Inggris Raya dilanda kerusuhan besar sejak 31 Juli 2024, yang lebih parah daripada kerusuhan tahun 2011. Kerusuhan ini bermula dari insiden penusukan di Southport yang menewaskan tiga anak. Identitas pelaku yang awalnya dirahasiakan menyebabkan teori konspirasi bahwa pelakunya adalah seorang imigran Muslim, memicu kemarahan kelompok ekstrem kanan seperti Liga Pembela Inggris (EDL).

Hoaks yang menyebar di media sosial dengan cepat memperburuk situasi, menyebabkan kerusuhan meluas ke kota-kota besar seperti London, Liverpool, dan lainnya. Di London, pengunjuk rasa menyerang rumah dinas Perdana Menteri Keir Starmer, sementara di Liverpool, perpustakaan yang banyak melayani imigran dibakar oleh massa.

Para perusuh umumnya adalah pendukung ideologi ekstrem kanan, fasis, dan neo-Nazi yang memanfaatkan isu imigran sebagai alat provokasi. EDL dikenal sebagai gerakan sayap kanan terkuat di Inggris, yang langsung menghasut masyarakat untuk saling membenci tanpa masuk ke ranah politik formal.

Kerusuhan ini didorong oleh disinformasi yang cepat menyebar di media sosial. Akun-akun media sosial seperti “Invasi terhadap Eropa” mengklaim bahwa pelaku penusukan adalah seorang imigran Muslim, yang ternyata adalah hoaks. Tokoh ekstrem kanan seperti Stephen Yaxley-Lennon, alias Tommy Robinson, juga ikut menyebarkan kebohongan ini, memperkeruh suasana. Peran perusahaan media sosial dan penyebaran informasi palsu menjadi faktor utama dalam meluasnya kerusuhan ini.

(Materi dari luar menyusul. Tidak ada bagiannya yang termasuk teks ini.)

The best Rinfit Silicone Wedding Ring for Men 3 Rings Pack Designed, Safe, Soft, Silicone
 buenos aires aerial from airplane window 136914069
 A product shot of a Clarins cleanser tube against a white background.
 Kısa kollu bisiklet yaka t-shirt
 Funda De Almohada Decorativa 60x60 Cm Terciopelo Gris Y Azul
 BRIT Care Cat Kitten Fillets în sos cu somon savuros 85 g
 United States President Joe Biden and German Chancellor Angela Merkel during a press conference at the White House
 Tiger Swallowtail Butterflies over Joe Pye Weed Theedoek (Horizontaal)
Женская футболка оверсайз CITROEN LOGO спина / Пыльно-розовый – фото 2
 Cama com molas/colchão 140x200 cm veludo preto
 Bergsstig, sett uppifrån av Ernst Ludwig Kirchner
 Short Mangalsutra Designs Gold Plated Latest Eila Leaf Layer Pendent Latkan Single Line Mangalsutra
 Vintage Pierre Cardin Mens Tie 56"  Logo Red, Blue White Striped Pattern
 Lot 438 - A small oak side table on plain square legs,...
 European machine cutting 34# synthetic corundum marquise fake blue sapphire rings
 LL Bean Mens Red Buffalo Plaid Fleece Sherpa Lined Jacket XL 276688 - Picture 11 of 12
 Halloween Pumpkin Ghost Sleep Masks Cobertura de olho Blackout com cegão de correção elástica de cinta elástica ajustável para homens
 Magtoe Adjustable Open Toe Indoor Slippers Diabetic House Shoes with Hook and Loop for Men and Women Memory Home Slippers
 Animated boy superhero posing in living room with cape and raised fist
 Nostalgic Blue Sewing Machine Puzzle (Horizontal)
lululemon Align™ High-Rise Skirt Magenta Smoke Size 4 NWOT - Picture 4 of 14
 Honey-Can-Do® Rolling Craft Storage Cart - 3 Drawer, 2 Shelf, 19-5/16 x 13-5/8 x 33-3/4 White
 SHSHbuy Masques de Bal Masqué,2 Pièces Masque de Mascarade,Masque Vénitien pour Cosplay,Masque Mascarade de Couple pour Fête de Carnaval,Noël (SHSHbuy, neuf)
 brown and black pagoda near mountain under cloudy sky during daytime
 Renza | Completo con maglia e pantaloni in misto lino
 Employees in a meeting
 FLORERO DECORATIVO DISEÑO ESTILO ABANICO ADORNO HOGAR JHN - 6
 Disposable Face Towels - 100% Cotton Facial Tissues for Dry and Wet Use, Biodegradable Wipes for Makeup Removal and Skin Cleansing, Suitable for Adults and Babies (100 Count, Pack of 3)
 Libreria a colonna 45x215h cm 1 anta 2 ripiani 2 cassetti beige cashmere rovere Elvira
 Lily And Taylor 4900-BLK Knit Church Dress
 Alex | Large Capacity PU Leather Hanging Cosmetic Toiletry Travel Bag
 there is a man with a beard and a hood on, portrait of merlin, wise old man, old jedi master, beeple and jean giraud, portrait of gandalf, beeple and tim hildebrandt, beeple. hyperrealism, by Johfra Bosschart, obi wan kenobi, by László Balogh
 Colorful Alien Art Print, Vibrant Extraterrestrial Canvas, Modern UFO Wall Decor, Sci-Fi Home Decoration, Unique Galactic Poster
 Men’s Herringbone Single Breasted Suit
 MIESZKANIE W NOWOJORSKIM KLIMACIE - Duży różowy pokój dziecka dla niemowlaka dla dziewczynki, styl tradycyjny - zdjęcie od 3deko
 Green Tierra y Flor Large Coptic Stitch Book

Pemerintah Inggris, di bawah pimpinan PM Starmer, menghadapi tantangan besar dalam mengatasi kerusuhan ini. Identitas pelaku penusukan akhirnya diumumkan sebagai Alex Rudakubana, seorang pemuda berusia 17 tahun dengan latar belakang keluarga keturunan Rwanda. Langkah ini diambil untuk meredam hoaks yang menyebar, meskipun langkah tersebut kontroversial karena hukum Inggris melarang pengungkapan identitas anak di bawah umur yang terlibat kasus hukum.

Isu imigran yang sudah lama menjadi ketegangan di Inggris, diperburuk oleh retorika sayap kanan yang menentang keberadaan imigran dan warga kulit berwarna. Pada pemilu Juli 2024, mantan Perdana Menteri Rishi Sunak pernah berjanji untuk menghentikan imigrasi ilegal, namun kebijakan ini dibatalkan oleh Starmer setelah terpilih. Ini semakin memanaskan situasi, terutama di kalangan pendukung sayap kanan.

Pemerintah Inggris juga melibatkan para pemuka agama untuk menyerukan ketenangan di tengah masyarakat. Meskipun upaya penangkapan telah dilakukan dengan lebih dari 370 orang ditahan, situasi tetap tegang dan menantang.

Dari kerusuhan ini, pelajaran penting yang bisa diambil adalah perlunya menangani isu-isu sosial seperti imigrasi dan pentingnya kewaspadaan terhadap disinformasi yang bisa memicu konflik besar dalam masyarakat. Forum Ekonomi Dunia telah menyebut disinformasi sebagai salah satu ancaman global terbesar, dan kerusuhan di Inggris ini membuktikan betapa bahayanya jika informasi palsu tidak ditangani dengan cepat dan tepat.